Texte : Eva Zwahlen
Photos : Valentin Flauraud
Il y a quelques années encore, seuls quelques avant-gardistes vaudois présentaient fièrement leur premier vin mousseux. Aujourd’hui, presque tous les viticulteurs et œnologues en ont dans leur assortiment. Si la vente de vins blancs et rouges est en recul en Suisse comme dans le monde entier, les mousseux font eux figure d’exception.

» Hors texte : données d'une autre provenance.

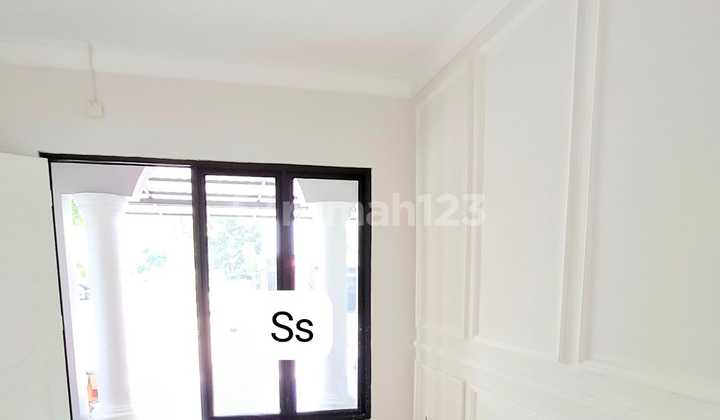 Dijual Rumah Kota Wisata, Like New, Cluster Nyaman Dekat Mall, Dan Sekolah. 2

Depuis une vingtaine d’années, la part de marché des effervescents augmente en Suisse. Lentement, mais sûrement. Parallèlement – et c’est la vraie bonne nouvelle – les consommateurs helvètes s’intéressent de plus en plus aux vins mousseux indigènes. Au cours des dix dernières années, la consommation a augmenté de 30% pour atteindre 22,76 millions de litres en 2023. Seule une très petite partie (5% de tous les effervescents) provient de Suisse, mais leur vente a tout de même progressé de 17,7% depuis 2019. Dans cette catégorie, les rosés semblent être particulièrement demandés. Les mousseux de vignerons vinifiés à la propriété sont écoulés directement dans les domaines et n’apparaissent donc pas dans les statistiques.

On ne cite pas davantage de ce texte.